Продолжая разговор о излишней продуманности, слишком часто за роман у меня возникала мысль, что автор целенаправленно пишет «сильный» роман, который все должны разобрать на цитаты – уж больно пафосно иногда было. Например, «Дита Адлерова движется среди сотен человеческих фигур, но бежит одна. Мы всегда бежим в одиночку». Попахивает фразой, которую срочно нужно записать в цитатник, не так ли? И таких фраз очень-очень много. Возможно, всему виной перевод. Пожалуй, они даже уместны. Но от этого не становятся менее пафосными.
В то же время в образе концентрационного лагеря я нашла очень много интересных, сильных сторон. Конечно, были и очень избитые. Например, старое доброе размышление о том, что если бог добр, то почему он позволяет твориться всем этим зверствам. Но были и сильные. Например, особенности распространения информации во времена медленной передачи данных. Меня действительно проняло, когда автор рассуждал о евреях, которые добровольно шли в эти «трудовые концентрационные лагеря», потому что против слова нацистов были лишь немногочисленные свидетельства полусумасшедших беглецов, которые рассказывали настолько кошмарные вещи, что им было просто невозможно поверить. Это просто жутко.

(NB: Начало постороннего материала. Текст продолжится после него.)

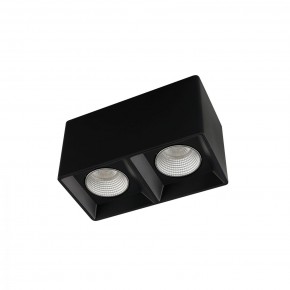 DK3085-BK+CH Светильник накладной IP 20, 10 Вт, GU5.3, LED, черный/хром, пластик в Набережных Челнах - naberezhnye-chelny.ok-mebel.com | фото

Автор показал читателю две модели концлагеря. Первая – “рациональная”, в которой для сдерживания эпидемии тифа освобождают один и бараков, убив шестьсот его жителей. Здесь люди – это ценный ресурс, пока они способны выполнять работу и приносить пользу, окупая вложения, а от всех остальных просто избавляются. Вторая – “анархическая”, в которой если не вкладываться, то и окупать ничего не придётся. Здесь люди – это мусор, на который даже пулю не потратят, когда можно просто подождать всеобщей смерти от болезней или голода. Эти модели объединяет одно: полное обесценивание человеческой жизни. Ужасное слово «обесценивание», не так ли? В первом случае оно означает наличие некоторого ценника, а во втором – тотальное лишение ценности. В одном слове и наличие цены, и её отсутствие. Наглядная демонстрация того, что любые попытки оценить человеческую жизнь лишают её всяческой ценности. Смогут ли люди когда-нибудь это усвоить?